On 3/28/2011 12:35 PM, Jan Wieck wrote:
On 3/27/2011 10:43 PM, Tom Lane wrote:
In particular, I thought the direction Jan was headed was to release and
reacquire the lock between truncating off limited-size chunks of the
file. If we do that, we probably *don't* want or need to allow autovac
to be booted off the lock more quickly.
That is correct.
3) Scanning backwards 8MB at a time scanning each 8MB forwards instead
of just going back by block backwards.
Maybe. I'd want to see some experimental evidence justifying the choice
of chunk size; I'm pretty sure this will become counterproductive once
the chunk size is too large.
Me too, which is why that part of my proposal is highly questionable and
requires a lot of evidence to be even remotely considered for back releases.
Attached is a patch against HEAD that implements the part that truncates
the heap in small batches (512 pages at a time) without fiddling with
the scan direction.
It does several retries when attempting to get the exclusive lock.
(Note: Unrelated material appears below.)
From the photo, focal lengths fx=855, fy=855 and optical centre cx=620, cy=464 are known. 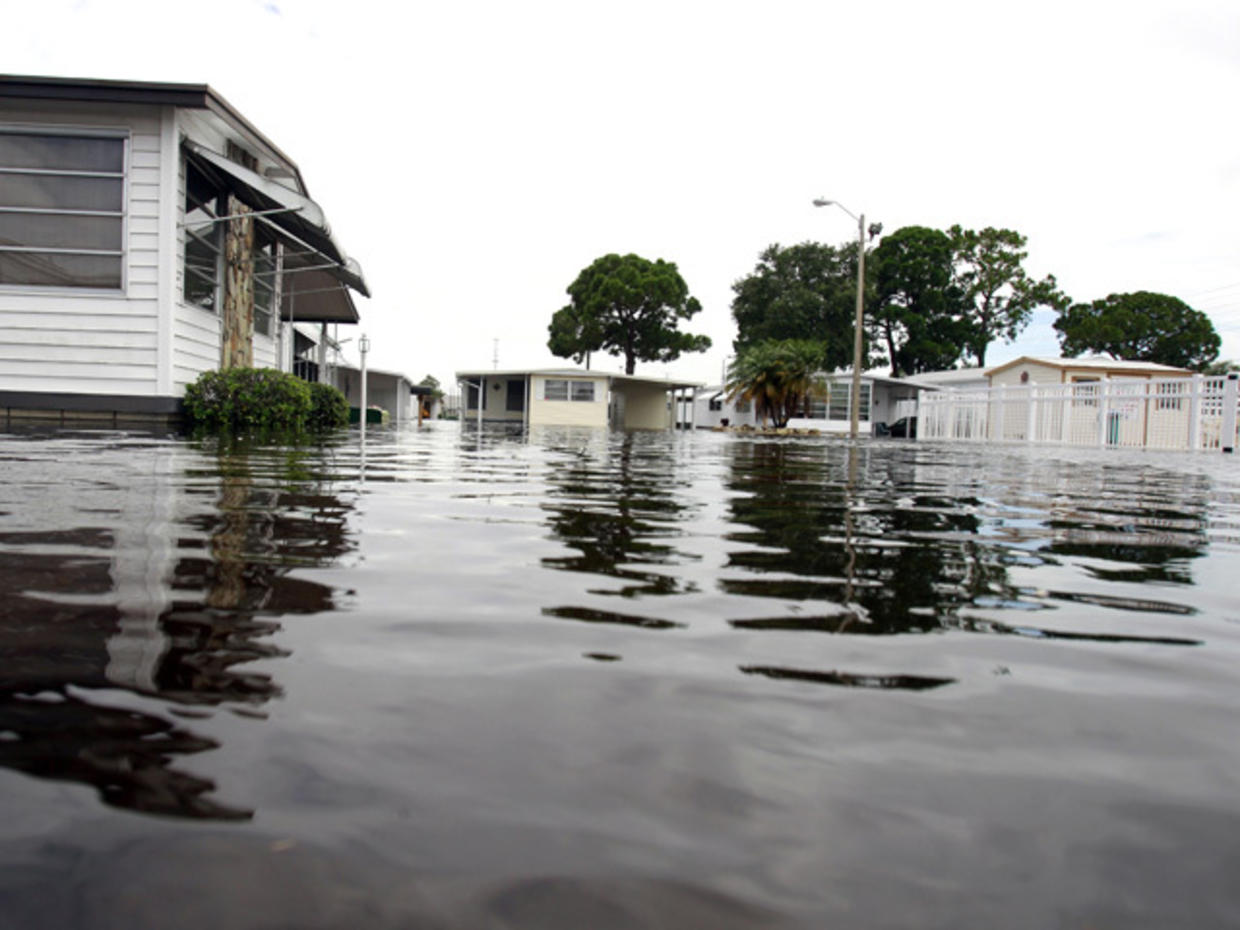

This
is because when doing it this way I discovered that locks queued up
behind the exclusive lock held by autovacuum make it too likely that it
fails after just a few batches.
I am going to see what a similar logic will do to 8.4, where the
exclusive lock has far more severe consequences to client connections.
Jan
--
Anyone who trades liberty for security deserves neither
liberty nor security. -- Benjamin Franklin
diff --git a/src/backend/commands/vacuumlazy.c b/src/backend/commands/vacuumlazy.c
index a5c024c..a3e9a99 100644
--- a/src/backend/commands/vacuumlazy.c
+++ b/src/backend/commands/vacuumlazy.c
@@ -63,8 +63,17 @@
* REL_TRUNCATE_MINIMUM or (relsize / REL_TRUNCATE_FRACTION) (whichever
* is less) potentially-freeable pages.
*/
-#define REL_TRUNCATE_MINIMUM 1000
-#define REL_TRUNCATE_FRACTION 16
+#define REL_TRUNCATE_MINIMUM 1000
+#define REL_TRUNCATE_FRACTION 16
+
+/*
+ * When truncating a heap, we need an exclusive lock while rescanning
+ * the relation for newly created rows. We do it in batches of pages
+ * to minimize interference between autovacuum and concurrent transactions.
+ */
+#define REL_TRUNCATE_BATCHSIZE 512
+#define REL_TRUNCATE_LOCKATTEMPTS 10
+#define REL_TRUNCATE_LOCKWAIT 50
/*
* Guesstimation of number of dead tuples per page. This is used to
@@ -1017,72 +1026,140 @@ lazy_cleanup_index(Relation indrel,
static void
lazy_truncate_heap(Relation onerel, LVRelStats *vacrelstats)
{
+ BlockNumber orig_rel_pages = vacrelstats->rel_pages;
BlockNumber old_rel_pages = vacrelstats->rel_pages;
- BlockNumber new_rel_pages;
+ BlockNumber old_nonempty_pages = vacrelstats->nonempty_pages;
+ BlockNumber new_rel_pages = 0;
+ int retry;
PGRUsage ru0;
pg_rusage_init(&ru0);
- /*
- * We need full exclusive lock on the relation in order to do truncation.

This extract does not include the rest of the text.